For those who have had an iPhone since its initial launch in July of 2007, users were reporting issues with calls dropping with the iPhone 3G and the iPhone 3GS, not to mention call quality and many other reception issues. Let us not forget the myriad of complaints and lawsuits regarding coverage and reception within New York City and San Francisco. Guess what; “there’s a fix for that”.
The issue stems from the algorithm that Apple has been using since the inception of the iPhone. The way it works is as follows. Let us say you have some reception, what is being reported is four bars. You think, ‘Great! My call can’t possibly drop’. Technically what is being reported is possibly inaccurate. Apple states ‘For example, we sometimes display [four] bars when we should be displaying as few as [two] bars’. Well, that’s definitely not a good thing.

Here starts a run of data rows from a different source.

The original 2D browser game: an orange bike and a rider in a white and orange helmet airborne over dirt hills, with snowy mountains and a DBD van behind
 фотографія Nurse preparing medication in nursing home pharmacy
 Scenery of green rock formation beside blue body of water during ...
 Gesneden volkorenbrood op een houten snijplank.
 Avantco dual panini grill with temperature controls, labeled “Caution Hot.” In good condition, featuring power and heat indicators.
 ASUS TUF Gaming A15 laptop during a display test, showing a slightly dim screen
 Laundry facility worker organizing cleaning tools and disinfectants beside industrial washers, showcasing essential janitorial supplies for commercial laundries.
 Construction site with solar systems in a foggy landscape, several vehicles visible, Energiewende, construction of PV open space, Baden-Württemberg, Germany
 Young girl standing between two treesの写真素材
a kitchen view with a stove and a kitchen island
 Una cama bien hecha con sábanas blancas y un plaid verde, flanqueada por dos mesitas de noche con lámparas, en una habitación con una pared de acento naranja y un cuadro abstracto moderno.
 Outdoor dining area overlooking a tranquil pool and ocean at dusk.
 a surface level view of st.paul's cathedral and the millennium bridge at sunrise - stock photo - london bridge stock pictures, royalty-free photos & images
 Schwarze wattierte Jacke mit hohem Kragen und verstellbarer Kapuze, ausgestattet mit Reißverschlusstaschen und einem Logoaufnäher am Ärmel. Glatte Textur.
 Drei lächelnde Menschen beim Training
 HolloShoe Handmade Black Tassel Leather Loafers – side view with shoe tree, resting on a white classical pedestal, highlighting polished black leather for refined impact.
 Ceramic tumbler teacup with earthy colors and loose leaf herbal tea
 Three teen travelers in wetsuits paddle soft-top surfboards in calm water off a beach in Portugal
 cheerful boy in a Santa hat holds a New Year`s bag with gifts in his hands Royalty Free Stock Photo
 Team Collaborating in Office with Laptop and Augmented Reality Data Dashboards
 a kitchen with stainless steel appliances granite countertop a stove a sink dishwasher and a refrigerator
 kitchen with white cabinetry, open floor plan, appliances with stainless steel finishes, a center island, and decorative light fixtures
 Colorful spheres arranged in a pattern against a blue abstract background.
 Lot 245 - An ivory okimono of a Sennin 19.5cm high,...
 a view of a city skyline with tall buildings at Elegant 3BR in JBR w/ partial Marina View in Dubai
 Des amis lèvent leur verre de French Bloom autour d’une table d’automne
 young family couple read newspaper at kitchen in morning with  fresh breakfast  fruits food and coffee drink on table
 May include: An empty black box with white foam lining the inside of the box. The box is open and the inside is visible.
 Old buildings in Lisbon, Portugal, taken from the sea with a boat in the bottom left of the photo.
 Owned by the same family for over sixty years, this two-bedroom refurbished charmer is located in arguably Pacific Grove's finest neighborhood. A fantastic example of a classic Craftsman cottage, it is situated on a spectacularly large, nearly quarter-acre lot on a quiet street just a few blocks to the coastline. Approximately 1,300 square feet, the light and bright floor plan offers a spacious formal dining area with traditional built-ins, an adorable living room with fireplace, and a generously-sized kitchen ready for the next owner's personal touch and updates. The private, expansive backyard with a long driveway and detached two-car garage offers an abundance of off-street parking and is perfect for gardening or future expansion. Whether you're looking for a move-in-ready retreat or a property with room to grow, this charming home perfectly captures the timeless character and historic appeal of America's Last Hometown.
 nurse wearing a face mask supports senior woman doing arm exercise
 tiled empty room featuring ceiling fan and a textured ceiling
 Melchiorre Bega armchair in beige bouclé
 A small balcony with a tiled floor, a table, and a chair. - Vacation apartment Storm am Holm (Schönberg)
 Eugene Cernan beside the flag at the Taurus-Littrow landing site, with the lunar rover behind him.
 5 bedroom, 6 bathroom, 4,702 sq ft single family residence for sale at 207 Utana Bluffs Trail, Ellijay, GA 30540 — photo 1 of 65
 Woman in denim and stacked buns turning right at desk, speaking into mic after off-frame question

This is a major oversight on Apple’s part. What boggles my mind is how this incorrect algorithm has gone unnoticed for the last three years along with the development time.
To combat this software problem Apple is said to be shipping an update ‘within a few weeks’. I’m thinking that this update will address both the reception issue as well as the recent exchange issue, along with any other of various bugs that have cropped up. This update will be for the iPhone 4, iPhone 3GS, and iPhone 3G. The original iPhone is, as expected, left out in the cold.
On another note, I believe it is time to for those who have been bitching about AT&T’s service to shut up. No, AT&T is not entirely out of the woods, but everybody can stop blaming the entire issue on AT&T and indict the iPhone as a partial culprit. After this fix arrives any complaints coming out of San Francisco and New York can then be blamed on the congestion and horrible topography of their respective cities, and possibly as an issue with the AT&T network within those cities.